Что касается доктора Михаила Афанасьевича Булгакова, то, как вспоминала Татьяна Николаевна о событиях, описанных в романе, это было «тогда, когда юнкера ходили и к петлюровцам попали в ловушку… И Михаил ходил. К нему приходили разные люди, совещались и решили, что надо отстоять город. И он ушел. Мы с Варей вдвоем были, ждали их. Потом Михаил вернулся, сказал, что все было не готово и все кончено – петлюровцы уже вошли в город. А ребята – Коля и Ваня – остались в гимназии. Мы все ждали их… Варин муж, Карум, уходил с немцами. Генералы и немцы – они должны были отбить петлюровцев. А они все побросали и ушли. Но в Германию Карум не уехал, он быстро появился» [32; 116–118].
В сущности из этого, такого короткого в изложении Татьяны Николаевны, эпизода Булгаков и свил свой великий роман, и тут налицо определенное противоречие между несколько скудным житейским опытом и его богатейшим воплощением. Автор «Белой гвардии» был не единственным из русских писателей и журналистов, кому пришлось пережить разгром гетмановских войск и нашествие петлюровцев, но единственным, кому удалось об этом написать роман. В Киеве зимой 1918/19 года были такие разные литераторы, как Илья Эренбург, описавший в своих мемуарах гетманско-петлюровскую ситуацию куда более саркастически («Напоследок белые офицеры опорожнили винные погреба, пили, пели, ругались, плакали и расстреливали подозрительных. <…> Петлюровцы шли по Крещатику веселые, никого не трогали. Московские дамы, не успевшие выбраться в Одессу, восхищались: „Какие они милые!“»); а также ставший героем «Белой гвардии» Виктор Шкловский, будущий незадачливый «соперник» Булгакова в делах сердечных Илья Маркович Василевский He-Буква, Ефим Зозуля, Михаил Кольцов. Но, пожалуй, самая интересная, самая свежая и значимая литературная параллель связана с пролежавшей много лет в архиве и совсем недавно опубликованной повестью «Золотая нить» булгаковского однокашника по Первой киевской гимназии Константина Георгиевича Паустовского, которому пришлось познакомиться с тем, о чем писал в романе наш протагонист, еще ближе и пережить самому гораздо больше.
Летом 1918 года Паустовский приехал из Москвы в Киев и поступил на службу к гетману.

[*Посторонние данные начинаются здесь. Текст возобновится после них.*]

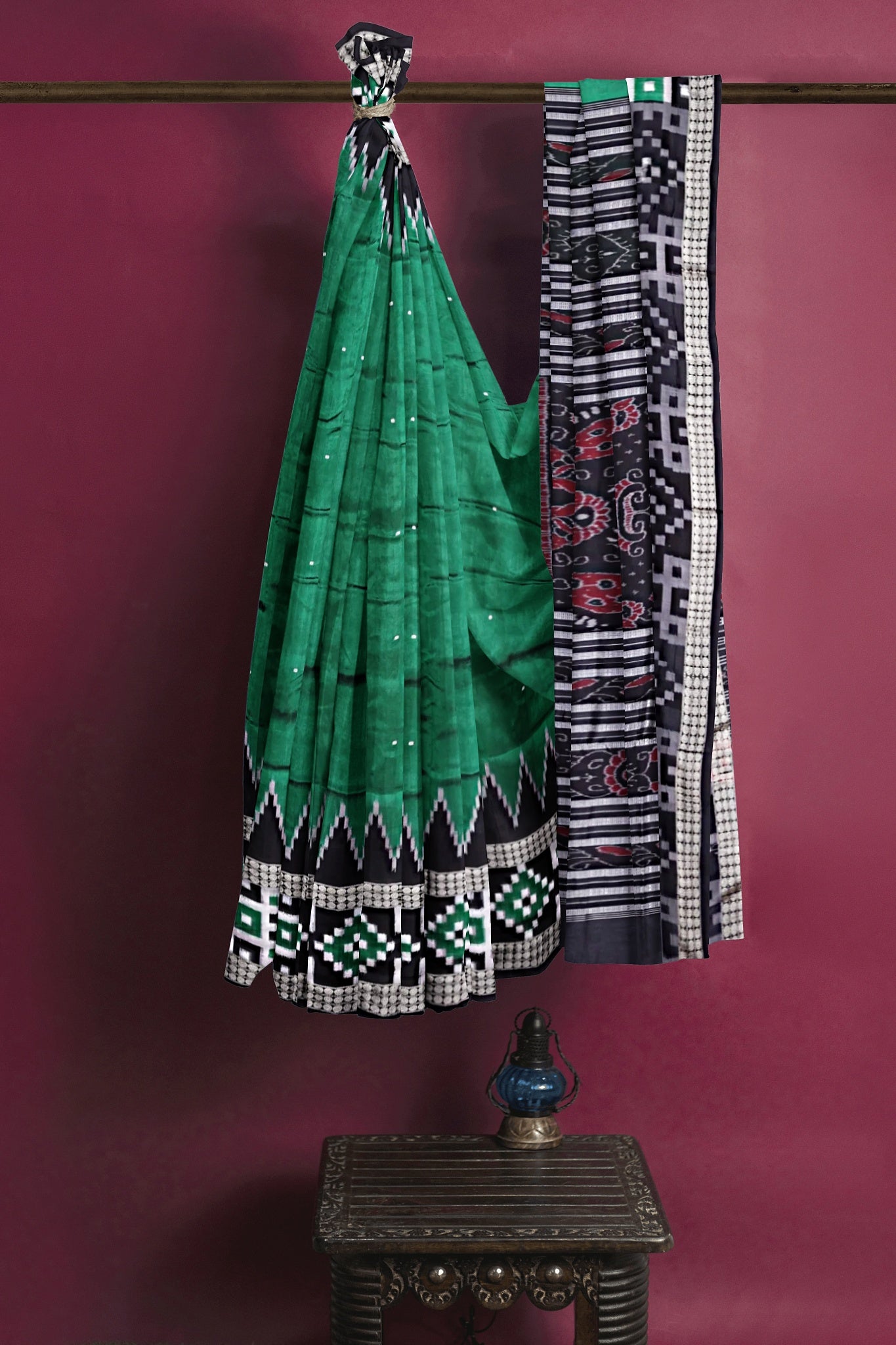 Forest Green Border Pasapalli Buti Bomkai Saree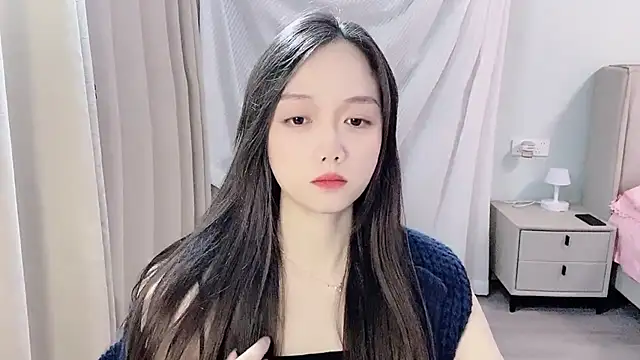 Snapshot of BoiI2u chatting on November 14, 2025, 3:55 pm BoiI2u online show from November 14, 2025, 3:55 pm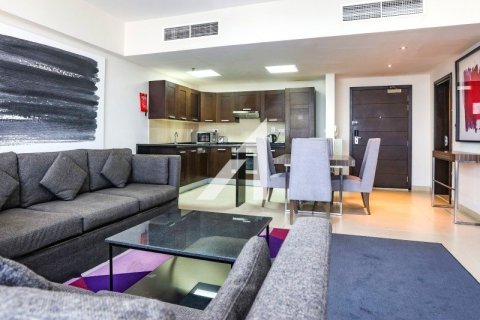 Hotel Apartamento en Dubai, 1 dormitorio, 80 m², № 7596 - foto 1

«Я был зачислен в сердюцкий его светлости ясновельможного пана гетмана полк. <…> В ноябре нас выслали на фронт, на окраину города. Несколько дней мы рыли в снегу окопы, лисьи норы и не спеша плели проволочные заграждения. В сером декабре кольцо вокруг города сомкнулось. День и ночь глухо, словно из погреба, гремела артиллерия, таяли зимние дни цвета олова, по нашим окопам зло и настойчиво стреляли из черного леса, и пули тихо распарывали сырой воздух. <…> Как-то в половине декабря я вышел на туманном рассвете из дому и пошел по Андреевскому спуску на Подол. <…> Петлюровцы открыли впервые на нашем участке ураганный огонь и перешли в общее наступление. В снегу рвались снаряды, разбрасывая красную глину, к двум часам дня уже гремело все широкое кольцо вокруг города, словно неслись тысячи курьерских поездов.